» Required action: Among the entries that follow, the required portion opens with the line containing "Youth Girls Suzey Lug Sole Flats" and closes with the line containing "2010 Chevrolet Traverse". Give that portion again exactly, and nothing else.

(Web page caption snippets)
*** Block opens ***

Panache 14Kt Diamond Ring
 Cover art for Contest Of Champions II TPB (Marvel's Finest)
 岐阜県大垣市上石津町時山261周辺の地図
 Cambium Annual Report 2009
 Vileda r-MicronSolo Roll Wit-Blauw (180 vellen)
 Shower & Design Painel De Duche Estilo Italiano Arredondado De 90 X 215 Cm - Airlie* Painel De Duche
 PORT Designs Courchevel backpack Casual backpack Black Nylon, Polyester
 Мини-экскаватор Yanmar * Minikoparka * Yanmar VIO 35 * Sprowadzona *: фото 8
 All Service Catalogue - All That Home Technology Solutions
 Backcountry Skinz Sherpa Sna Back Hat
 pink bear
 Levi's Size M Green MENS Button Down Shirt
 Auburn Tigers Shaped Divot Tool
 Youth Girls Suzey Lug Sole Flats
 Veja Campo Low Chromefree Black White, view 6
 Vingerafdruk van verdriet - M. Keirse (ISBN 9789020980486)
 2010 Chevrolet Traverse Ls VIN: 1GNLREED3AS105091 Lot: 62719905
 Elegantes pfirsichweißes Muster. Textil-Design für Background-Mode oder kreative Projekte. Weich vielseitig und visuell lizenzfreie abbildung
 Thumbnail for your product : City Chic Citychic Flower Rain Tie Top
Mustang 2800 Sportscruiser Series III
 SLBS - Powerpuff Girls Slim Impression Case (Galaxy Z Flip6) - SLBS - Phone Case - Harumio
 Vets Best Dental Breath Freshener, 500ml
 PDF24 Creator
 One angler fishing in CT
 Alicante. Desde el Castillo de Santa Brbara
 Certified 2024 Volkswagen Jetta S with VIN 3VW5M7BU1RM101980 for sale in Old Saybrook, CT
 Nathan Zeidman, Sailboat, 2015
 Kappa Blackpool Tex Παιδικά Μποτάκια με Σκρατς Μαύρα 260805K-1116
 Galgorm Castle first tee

*** Block closes ***

» Solution to this problem:
 Youth Girls Suzey Lug Sole Flats
 Veja Campo Low Chromefree Black White, view 6
 Vingerafdruk van verdriet - M. Keirse (ISBN 9789020980486)
 2010 Chevrolet Traverse Ls VIN: 1GNLREED3AS105091 Lot: 62719905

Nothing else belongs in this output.